--- Exercise description ---
A verbatim restatement of the data, free of pictures, is what you should output.

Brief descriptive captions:
● ● ● ● ● ● ●
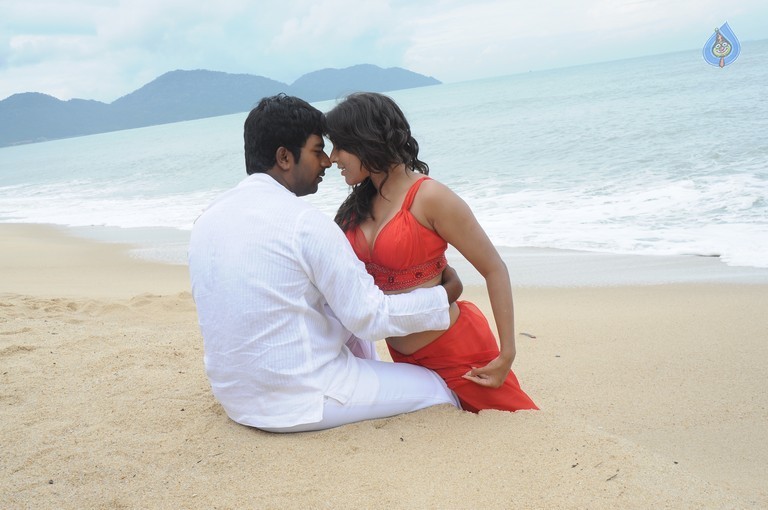 Balapam Patti Bhama Odilo Movie Photos and Posters - 15 / 30 photos
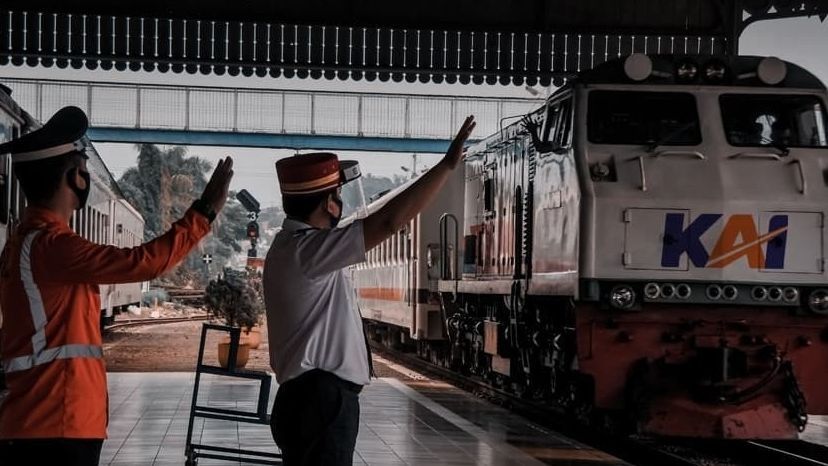 Penampakan Stasiun Kereta Api Barang Terbesar Nusantara  Dibangun Zaman Belanda, Kini Jadi Bangunan Terbengkalai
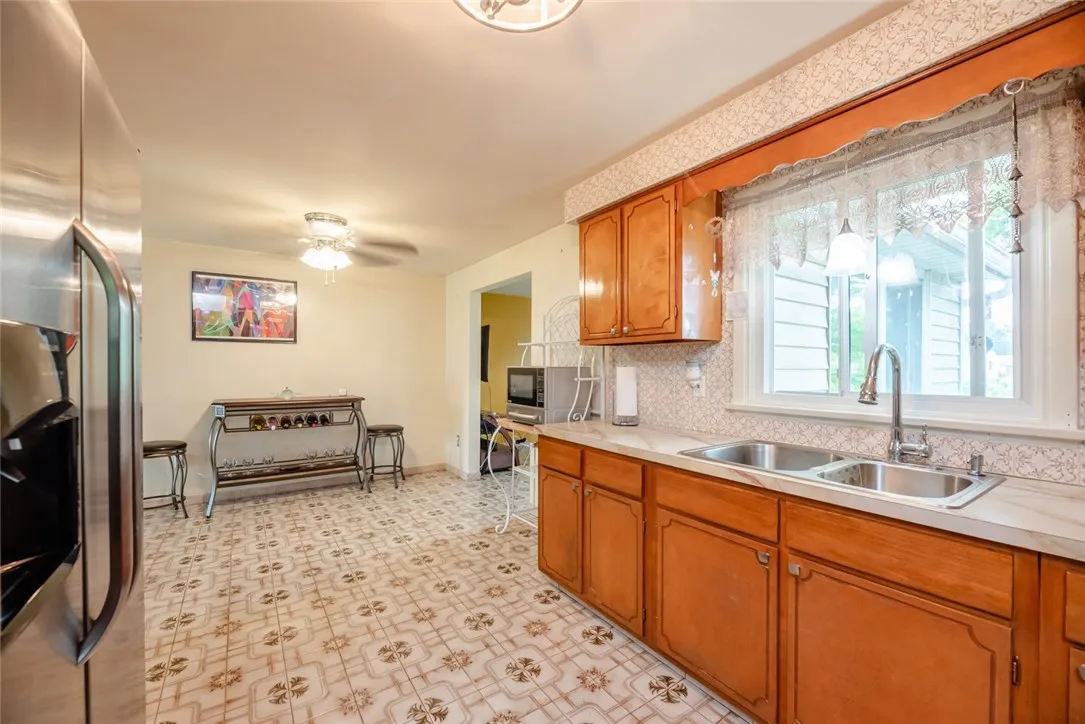 28 Drexel Drive, Gates, New York 14606, Gates, New York 14606, 3 Bedrooms Bedrooms, 8 Rooms Rooms,1 BathroomBathrooms,Residential,Closed,28 Drexel Drive, Gates, New York 14606,R1614004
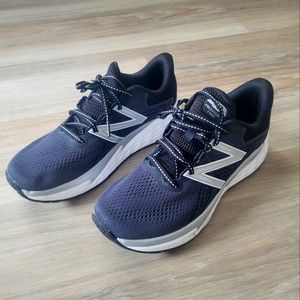 New Balance Fresh Foam Evare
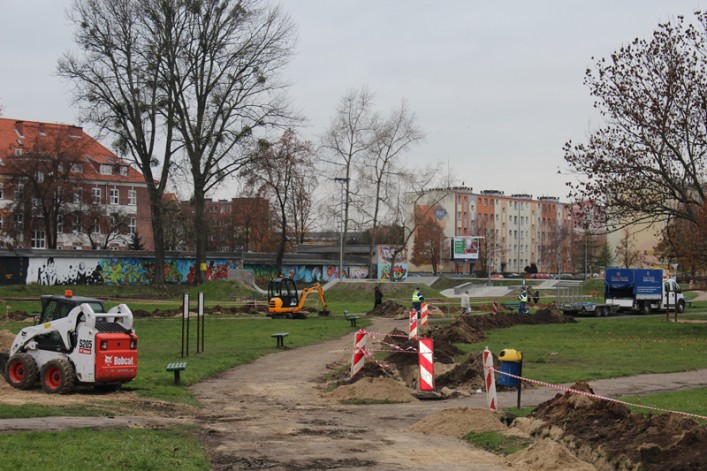 Park przy Mickiewicza będzie oświetlony i monitorowany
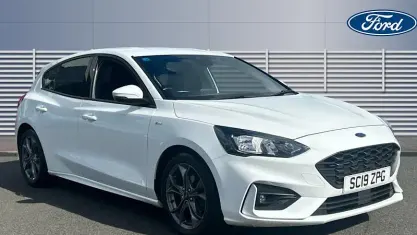 Begagnad Ford Focus ST-Line 125 HK (91 kW) 2020 Halvkombi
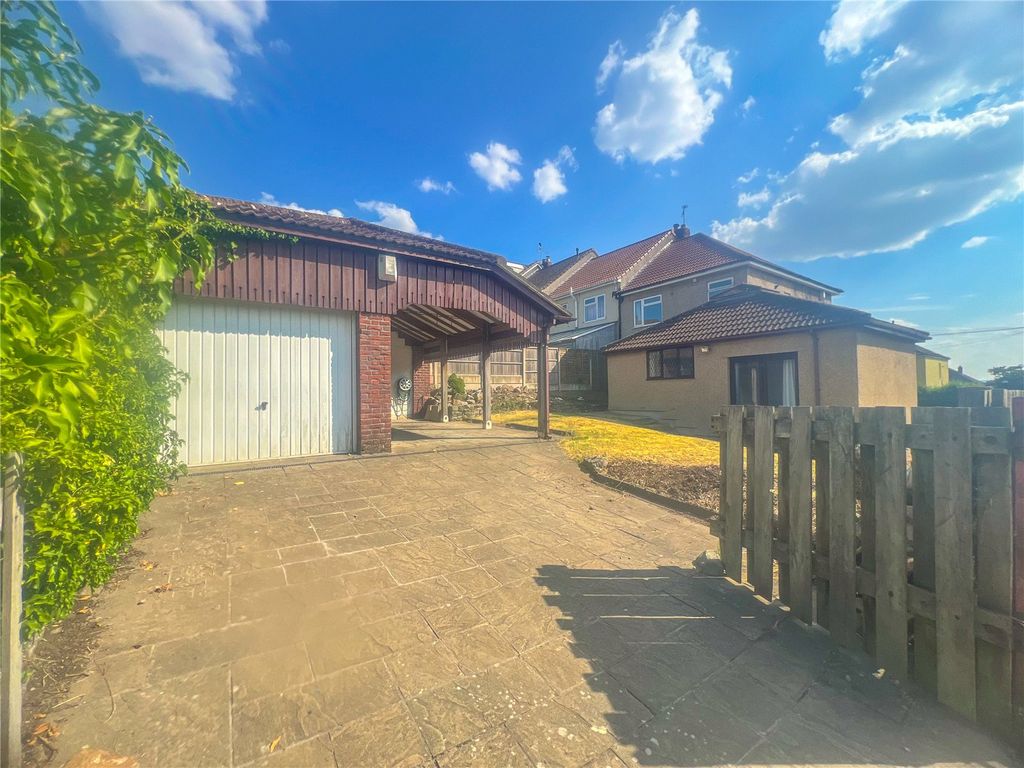 Property photo 1 of 34 Picture No. 20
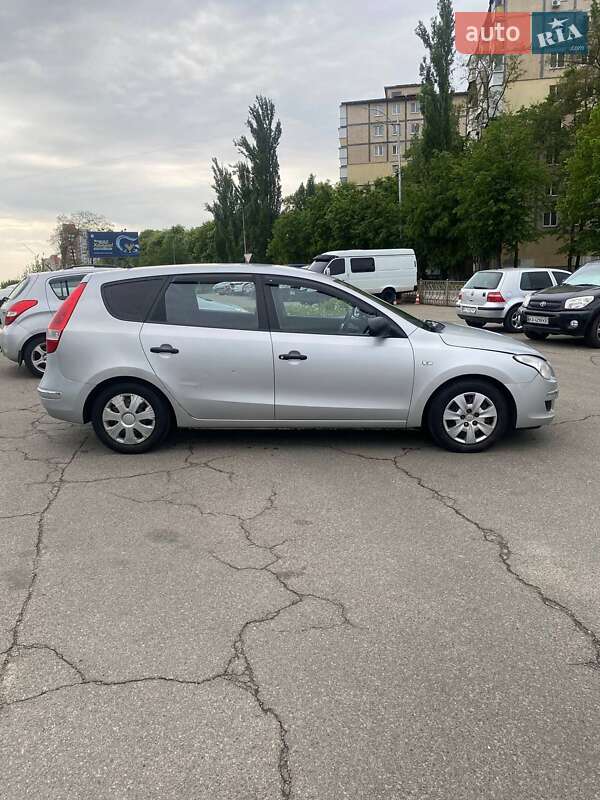 Універсал Hyundai i30 2008 в Києві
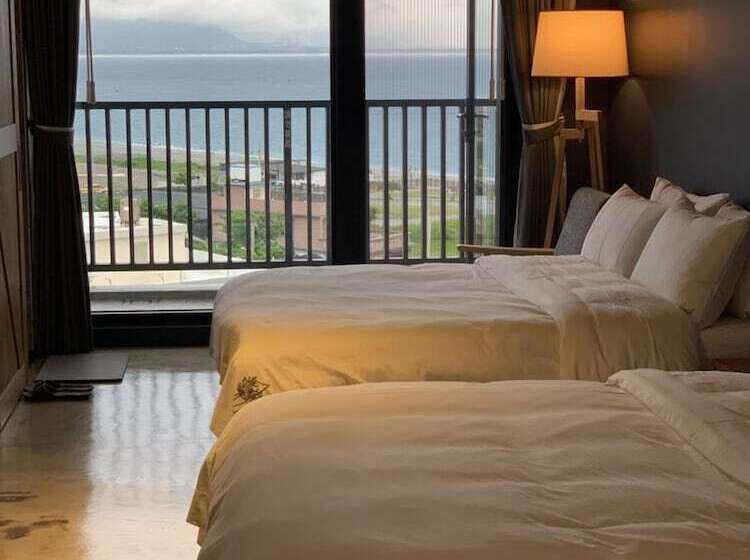 اتاق لوکس چهار تخته, Come Sit Hostel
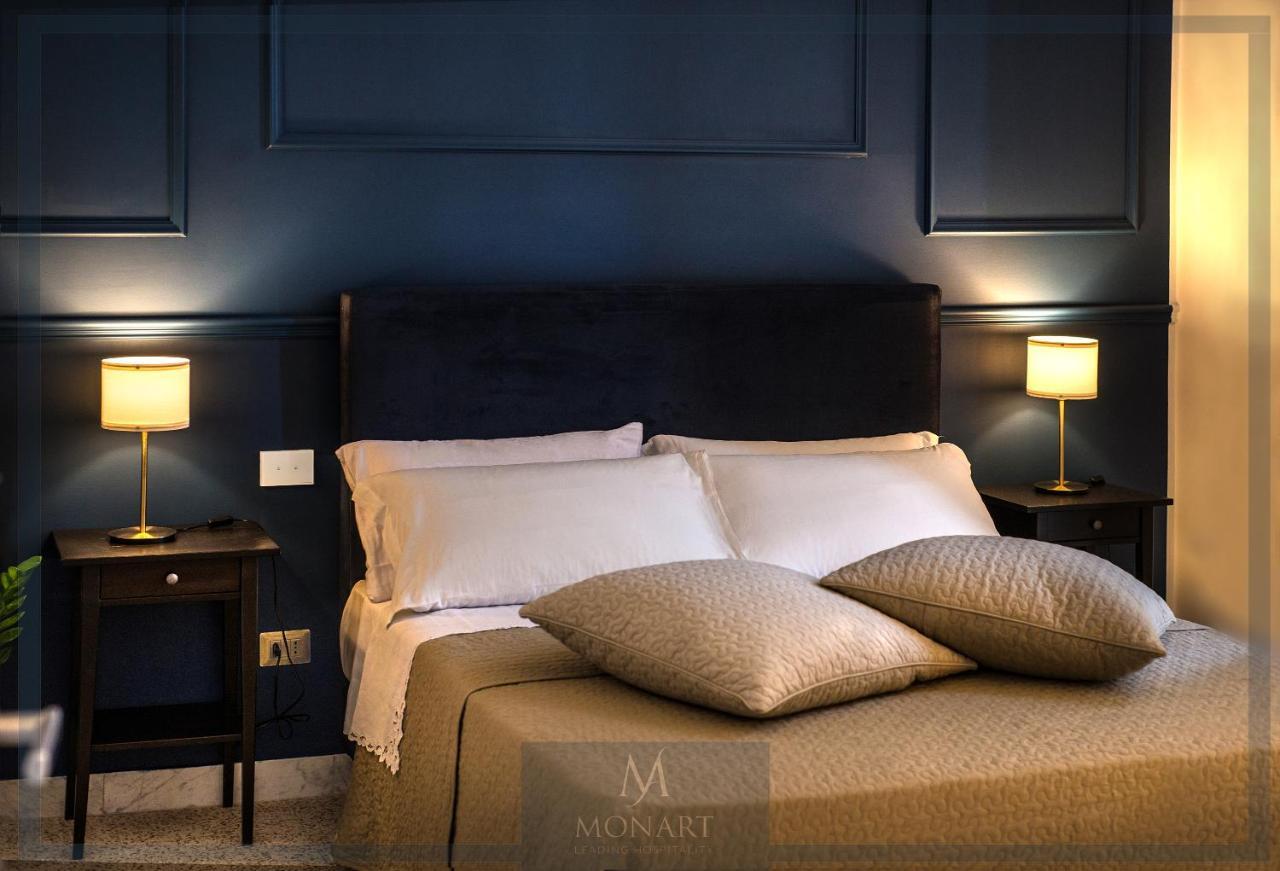 Monart Hospitality Cavour Bed & Breakfast Naples Exterior photo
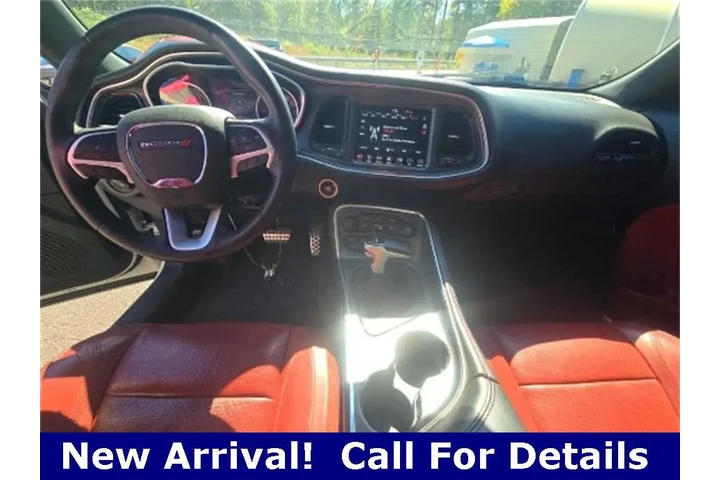 $18941 : Dodge Challenger 2018 SXT 2d image 4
● ● ● ● ● ● ●
--- Written response ---
 Balapam Patti Bhama Odilo Movie Photos and Posters - 15 / 30 photos
 Penampakan Stasiun Kereta Api Barang Terbesar Nusantara  Dibangun Zaman Belanda, Kini Jadi Bangunan Terbengkalai
 28 Drexel Drive, Gates, New York 14606, Gates, New York 14606, 3 Bedrooms Bedrooms, 8 Rooms Rooms,1 BathroomBathrooms,Residential,Closed,28 Drexel Drive, Gates, New York 14606,R1614004
 New Balance Fresh Foam Evare
 Park przy Mickiewicza będzie oświetlony i monitorowany
 Begagnad Ford Focus ST-Line 125 HK (91 kW) 2020 Halvkombi
 Property photo 1 of 34 Picture No. 20
 Універсал Hyundai i30 2008 в Києві
 اتاق لوکس چهار تخته, Come Sit Hostel
 Monart Hospitality Cavour Bed & Breakfast Naples Exterior photo
 $18941 : Dodge Challenger 2018 SXT 2d image 4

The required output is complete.